You are viewing documentation about an older version (1.21.0). View latest version

NumPy Interoperability

Snowpark pandas provides limited interoperability with NumPy functions through the NumPy NEP18 and NEP13 specifications defined by __array_ufunc__ and __array_function__. A discrete number of NumPy APIs are translated to distributed snowpark pandas functions.

NumPy method

Notes for current implementation

np.where

Mapped to np.where(cond, x, y) to x.where(cond, y) cond, x, and y should have the same shapes or be scalars. The result is always a Snowpark pandas DataFrame.

Since this function maps to df.where the column and index labels are considered, as opposed strict positional indexing in NumPy.

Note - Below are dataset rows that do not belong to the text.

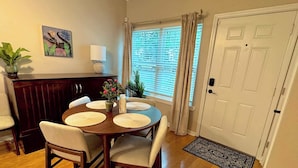 A dining area with a wooden table, four chairs, a vase with flowers, a lamp, and a window with blinds. - UF Campus Townhome - Full Kitchen 2 BR Pets OK (Gainesville)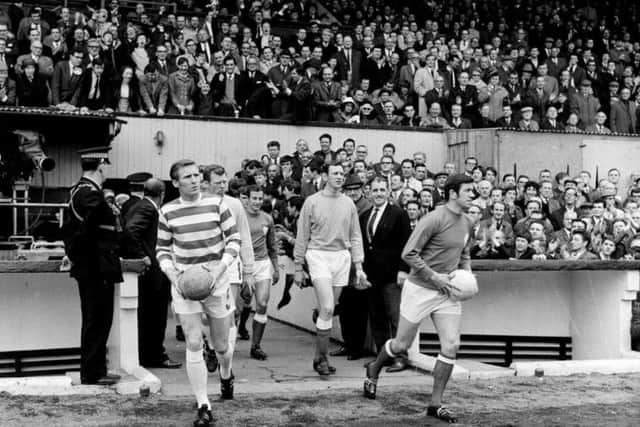 An Old Firm showdown in front of a Hampden crowd of 133,000. Celtic won the game 4-0. McNeill and John Greig of Rangers lead their teams onto the pitch.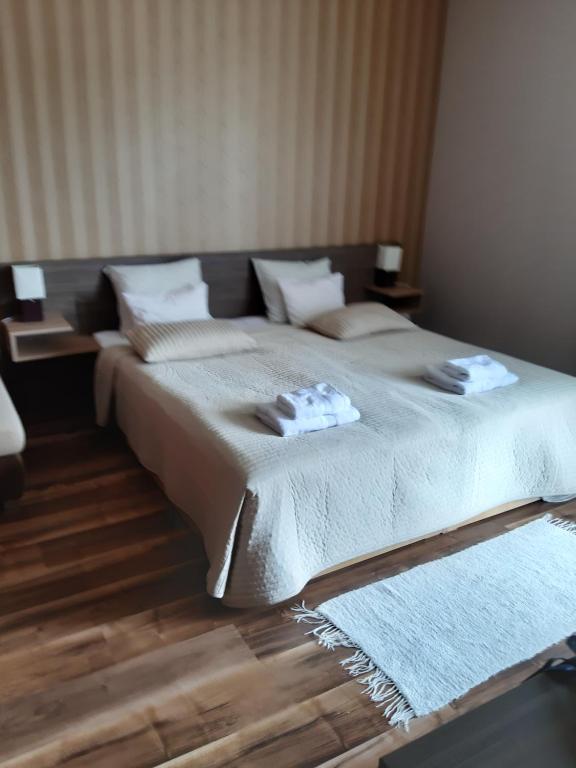 sypialnia z dużym łóżkiem z dwoma ręcznikami w obiekcie MELODY APARTMAN w Zalakaros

cond, x, and y can either be all non-scalars or a mix of scalars and non-scalars, such that non-scalars have the same shape. (If cond, x, and y are all scalars, NumPy will not call the dispatcher at all, and the normal NumPy behavior will occur.)

np.add

Mapped to df.__add__(df2)

np.logical_and

Mapped to df.__and__(df2)

np.logical_or

Mapped to df.__or__(df2)

np.logical_xor

Mapped to df.__xor__(df2)

np.logical_not

Mapped to ~df.astype(bool)

NEP18 Implementation Details

NumPy differs from pandas and Snowflake pandas in several key respects. It is important to understand that the interoperability provided is to support common pandas use-cases, rather than matrix or linear algebra operations. NumPy functions are mapped, with some transformation, to their pandas analogues.

Return Value

NEP18 does not specify the return value when implementing a function like np.where, but they suggest that the return value should match the input types. We follow that suggestion here and return a Snowpark pandas DataFrame.

Broadcasting

NumPy will “broadcast” all arguments into the same array shape so operations can be vectorized on the CPU. Snowpark pandas should not do this because all execution runs within Snowflake. All input DataFrames or Series should be of the same shape and will not be broadcast. Scalar values can also be used as an input.

Positional Operations

NumPy always performs positional operations on input datatypes, assuming they are similarly shaped and meaningful arrays. Pandas can have DataFrames which represent the same data but with different column ordering. Even when a numpy method is called on a Snow pandas DataFrame we continue to consider the labels while performing the operation.